If history were taught in the form of stories, it would never be forgotten.
— Rudyard Kipling

How can a historical writer dismiss the past as a mere shadow, a ghost, a phantom? It seems more than a little ironic on the face of it, I have to admit. Contradictory, even.

I spent nearly a decade researching a 1,000-page book on ancient history – my two-part Phoenix Principle, a look at the development of Western religion from the perspective of myth and politics.* It was the first book I ever wrote. More recently, over the past four years, I’ve written five books about 20th century Americana and the biography of a sports legend.**  

But my latest book, Timeless Now, begins by declaring, “Time does not exist,” and makes the point that all we really have is the present moment; the past itself is nothing but a series of ghost stories preserved, imperfectly, through memory. That might seem to diminish the importance of history, but for me, it makes it all the more precious. Because, without those memories, it simply vanishes, as though it were never there – and that would be a shame.

I love those stories, which is why I’m so passionate about history. Besides, stories of the past contain valuable lessons and, as George Santayana said, “Those who cannot remember the past are condemned to repeat it.” Memory-stories provide context for the present, and they do exist in the present, even though the events they describe are proverbial dust in the wind.

The very fact that the past no longer exists makes preserving memory-stories that much more important – even though the stories are often flawed, or preserved at a slant because of the storyteller’s agenda. If the past itself existed in the present, we’d have no need for these stories; we could just check the facts directly. The stories preserve a crucial link to what was; they tell us where we’ve been.

Old friends and cold meals

The problem is not with the stories themselves, but with how we treat them. Do we welcome them for brief visits, like old friends and teachers who drop by for afternoon tea? Or do we cling to their coattails and beg them to stay, even as the evening meal grows cold and friends from the present wait outside on the doorstep?

The point is not to forget the past or the stories it has bequeathed us, but rather to refrain from attempting to make it our present.

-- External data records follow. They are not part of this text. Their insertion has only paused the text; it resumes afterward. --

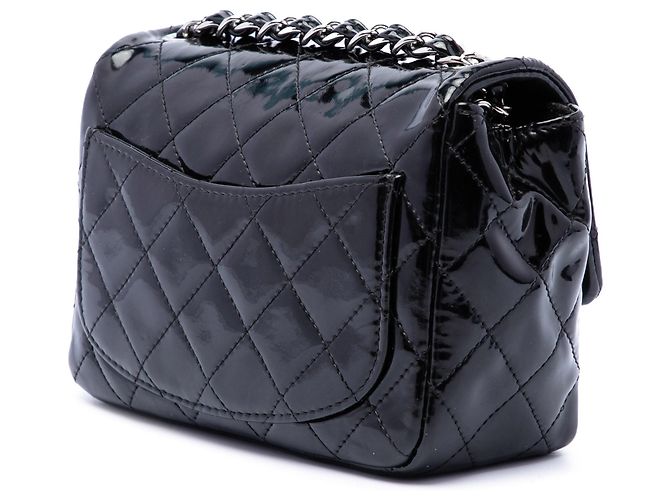 Borsa a tracolla Chanel Mini Square Classic in vernice nera con patta singola Nero - vista 2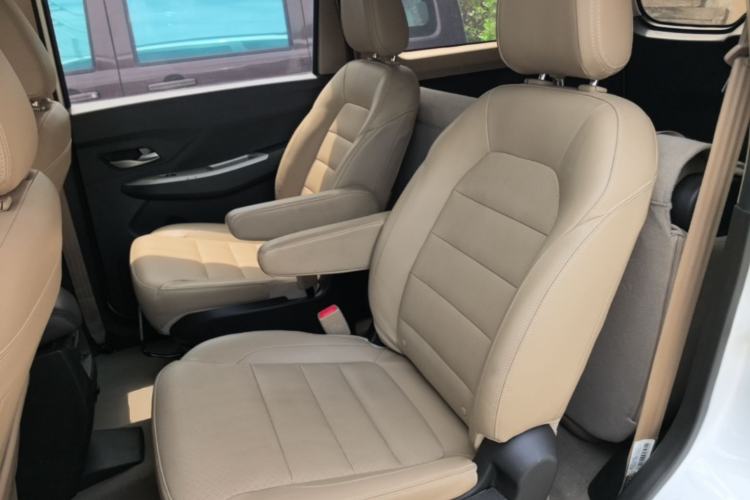 Used Wuling Hongguang 2018 1.5L S Comfort Model L2B Left Rear Seat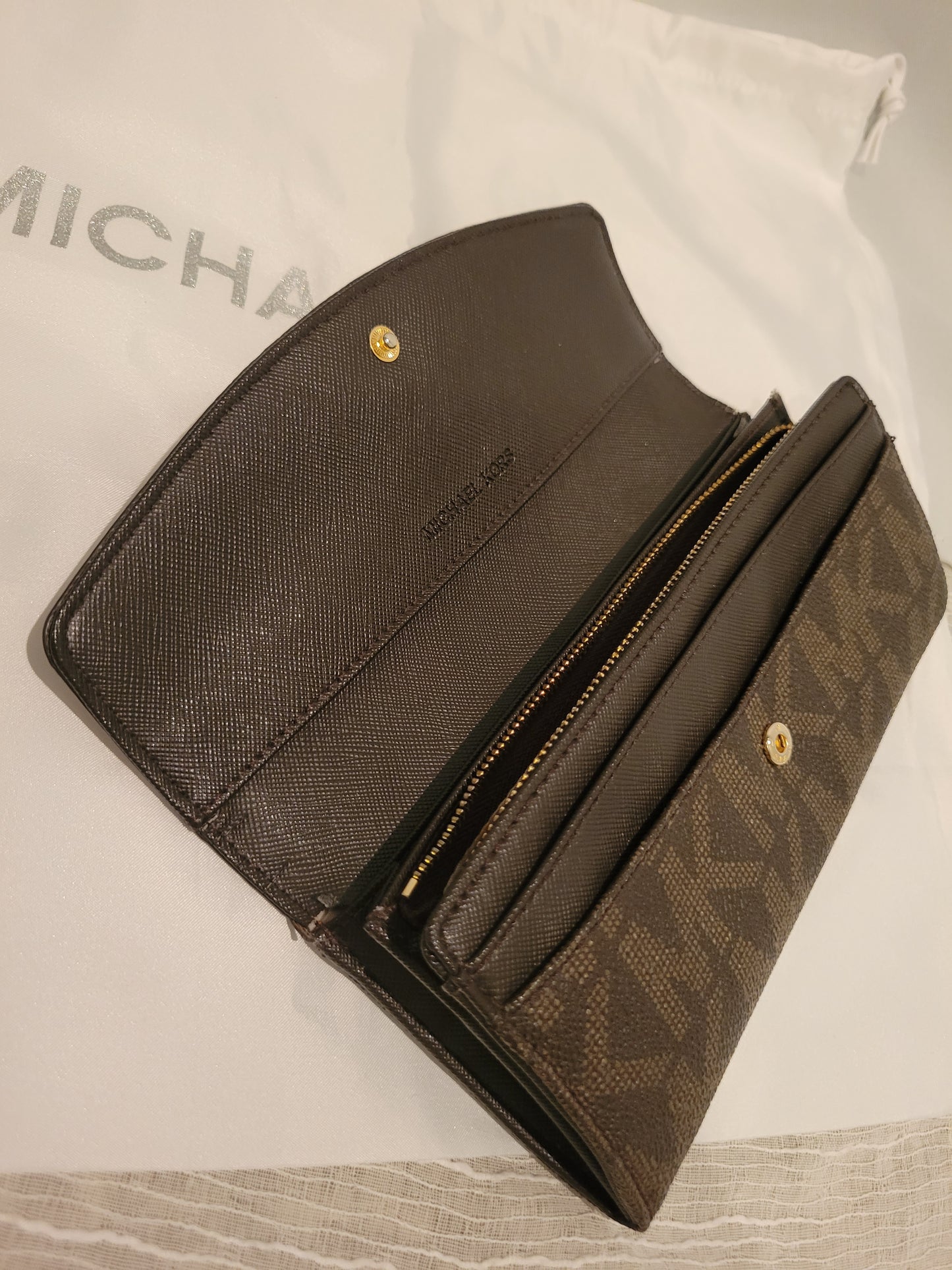 Michael Kors LG Foldover Wallet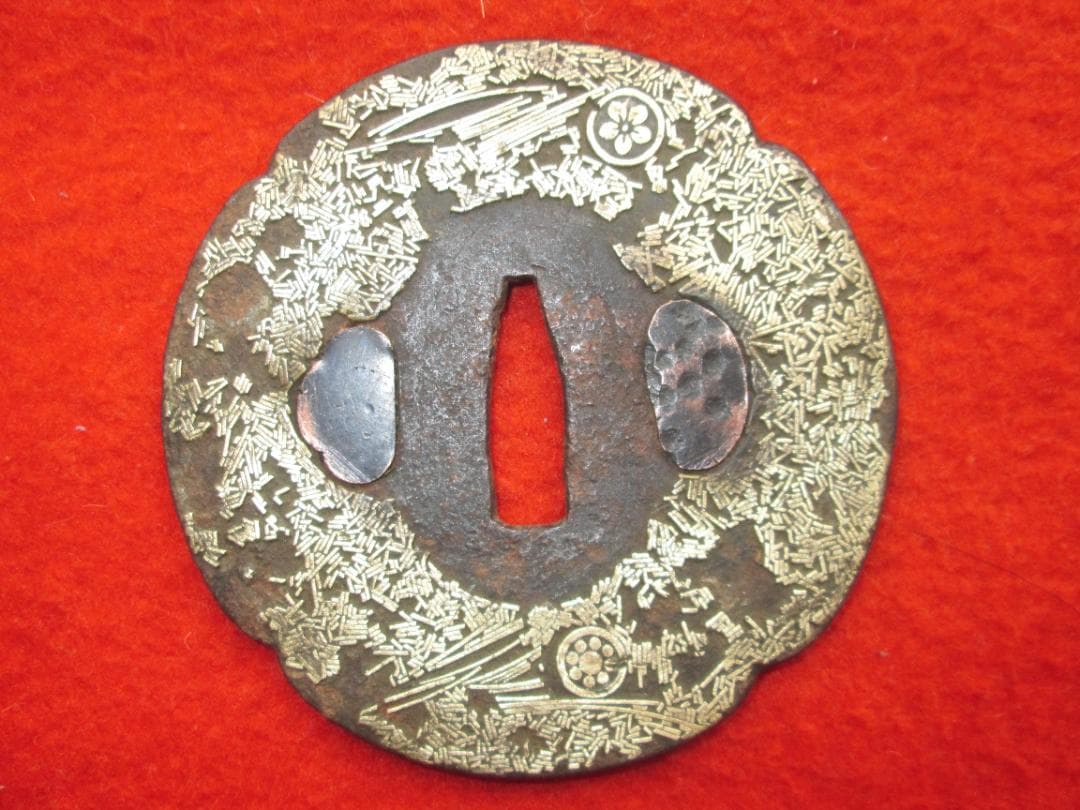 江戸期作　大鍔83mm187g　鍛鉄木瓜形鍔　吹き寄せ象嵌　家紋散らし　櫃孔埋め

And that temptation is all too real. Instead of looking around us at the single moment we inhabit, at all the joy and wonders that surround us, do we focus instead on the guilt and regret and blame for things that can never be changed? Do we relive these things a thousand times in the hope that we might keep them from happening once in the future?

Or in seeking refuge from the pain of the present, do we retreat to the illusion of a better time, a golden age that no longer exists? Do we live inside our fond memories, hoping that the pain will go away?

We may visit museums or the graves of our loved ones, but we cannot live there, any more than we can live in a future that has yet to happen – and almost surely will not happen in the ways that we expect. We must surely grieve and honor that which took place in our past, but the ghosts of that past are like shadows, only existing in the light of the present.

The point of Timeless Now is not to forget the past, but to appreciate it for what it was – and this moment for what it is. The past can never be now, but now will soon be past, and no longer accessible to us as it is in this brief instant. It’s not something I want to miss out on.

We must remember the past, but seize the day. In this, there is no contradiction.

Be here now.
— Ram Dass

*The Phoenix Principle is available in two parts, Forged in Ancient Fires and Messiah in the Making.

**Those five books are Fresno Growing Up, Highway 99, A Whole Different League, Highway 101 and a forthcoming book on the history of department stores and shopping malls. The biography is The Legend of Molly Bolin.